Deep learning using chest radiographs identifies smokers at risk for lung cancer

12 Sep 2020
Deep learning using chest radiographs identifies smokers at risk for lung cancer

The convolutional neural network (CXR-LC) model has successfully pinpointed smokers who are at increased risk for incident lung cancer beyond Centers for Medicare & Medicaid Services (CMS) eligibility and using information commonly available in the electronic medical record (EMR), reports a study.

The investigators conducted this risk prediction study in US lung cancer screening trials. The CXR-LC model was developed in the Prostate, Lung, Colorectal, and Ovarian (PCLO) Cancer Screening Trial (n=41,856). The final model was validated in additional PLCO smokers (n=5,615; 12-year follow-up) and National Lung Screening Trial (NLST) heavy smokers (n=5,493; 6-year follow-up). Results were reported for validation data sets only.

Discrimination (area under the receiver-operating characteristic curve [AUROC]) for incident lung cancer was better with the CXR-LC model than with CMS eligibility (PLCO AUROC, 0.755 vs 0.634; p<0.001). The performance of the CXR-LC model was comparable to that of PLCOM2012, a state-of-the-art risk score with 11 inputs, in both the PLCO data set (AUC, 0.755 vs 0.751) and the NLST data set (AUC, 0.659 vs 0.650).

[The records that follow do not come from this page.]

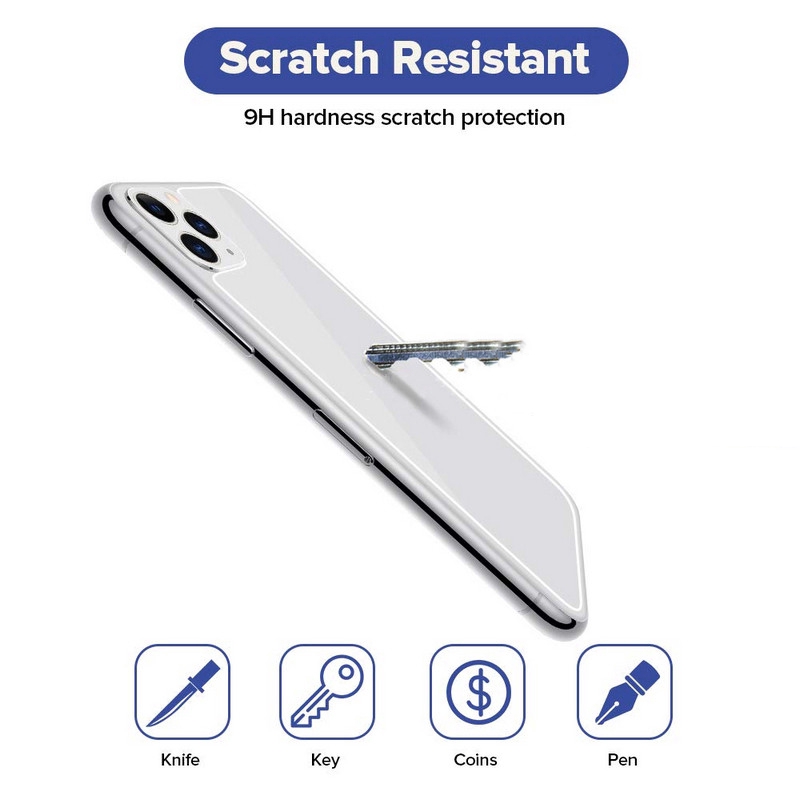 Kính cường lực bảo vệ mặt sau 2Pack cho iPhone 5 6 7 8 Plus X XS XR Xs Max 11 Pro Max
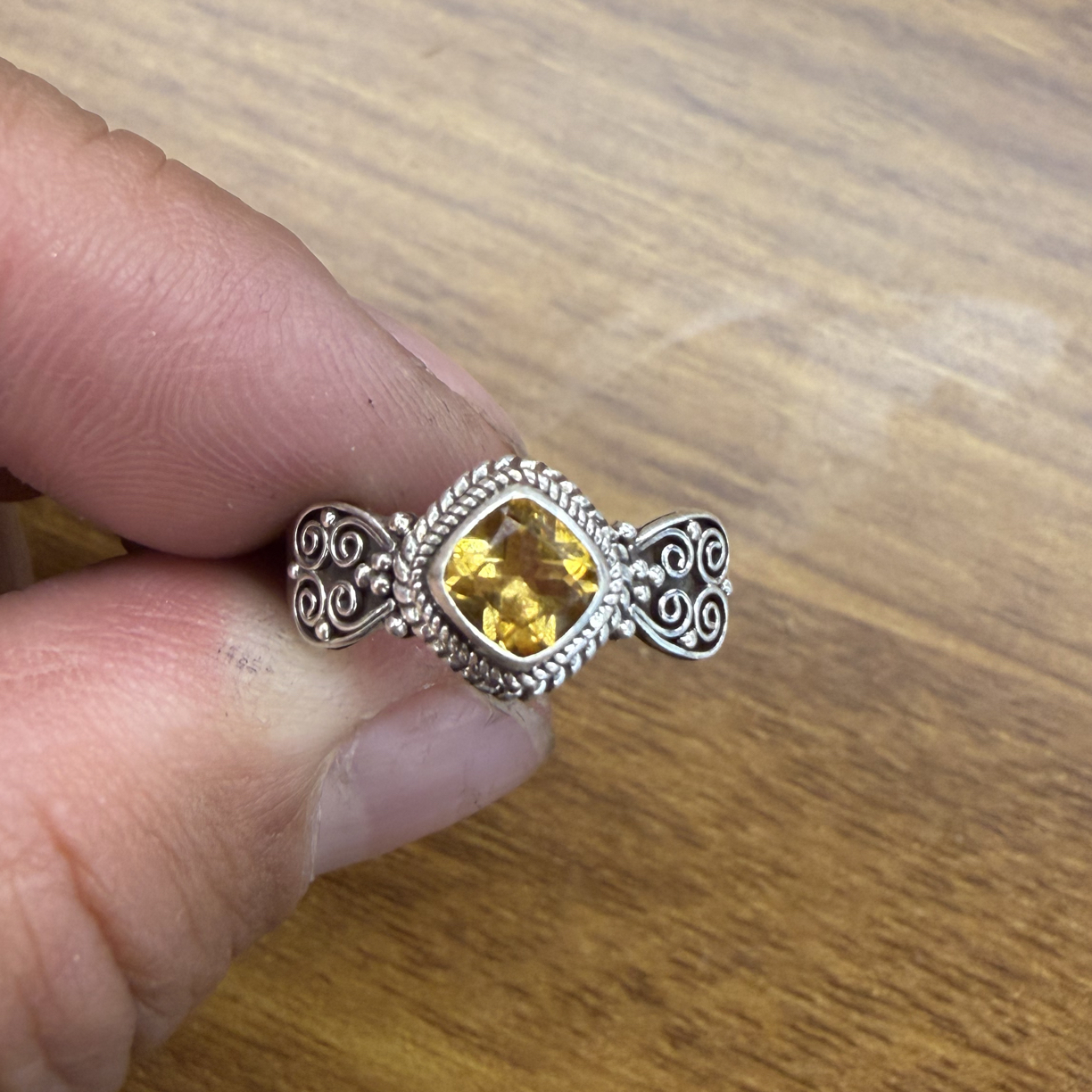 925银戒指 复古气质指环活口手工时尚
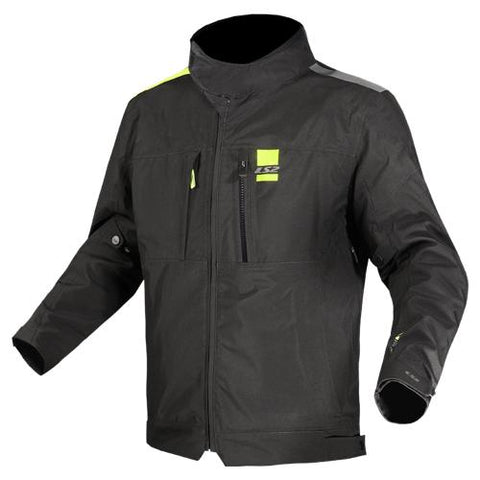 CHAMARRA DEPORTIVA LS2 NEGRO TITANIUM TEXTIL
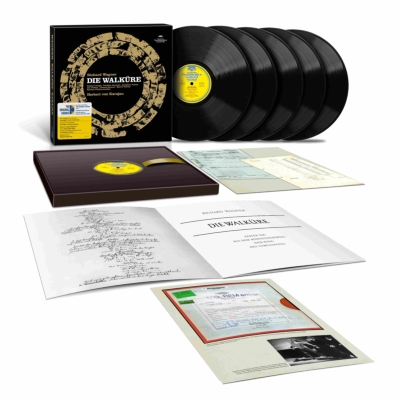 【LP】 Wagner ワーグナー / 楽劇『ヴァルキューレ』ヘルベルト・フォン・カラヤン、ベルリン・フィルハーモニー管弦楽団（5枚組 / 180グラム重量盤レコード / Deutsche Grammophon） 送料無料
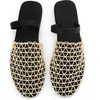 image:imageAllegra K Women Slip on Mesh Braided Hollow Out Flats Sandals  Round Toe Slides Lightweight Casual Lounging Slingback Style Comfortable Fit Breathable MeshKhaki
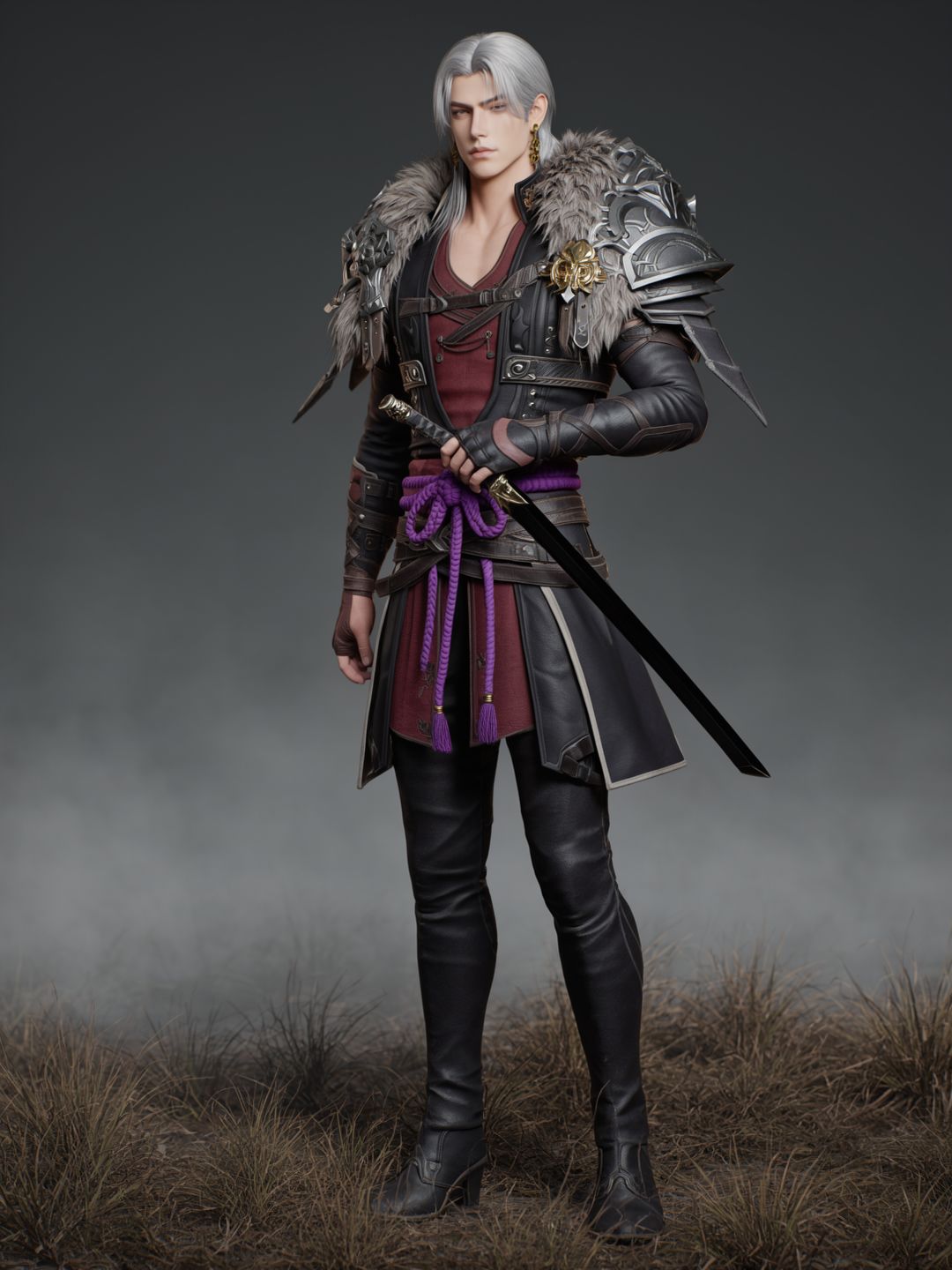 CG Fantasy Character Design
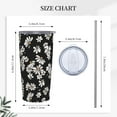 thumbnail image 6 of Daisy Flowers Tumbler 20oz Floral Stainless Steel Insulated Tumblers with Lid and Straw Black Travel Coffee Mug Tea Wine Cups Water Bottle Sport Gifts for Women, 6 of 6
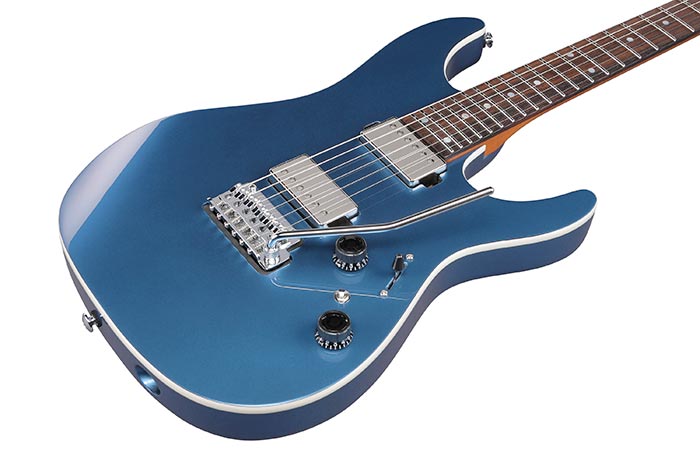 Ibanez Az42p1 Pbe Premium 2h Trem Rw - Prussian Blue Metallic - Str shape electric guitar - Variation 2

Comparisons in screening populations with equal size showed that CXR-LC was more sensitive than CMS eligibility in the PCLO data set (74.9 percent vs 63.8 percent; p=0.012) and missed 30.7 percent fewer incident lung cancers. Finally, decision curve analysis revealed a higher net benefit with CXR-LC than with CMS eligibility, while the former had similar benefit to PLCOM2012.

The study was limited by its validation in lung cancer screening trials and not in a clinical setting.

“Lung cancer screening with chest computed tomography (CT) reduces lung cancer death,” the investigators said. “CMS eligibility criteria for lung cancer screening with CT require detailed smoking information and miss many incident lung cancers.”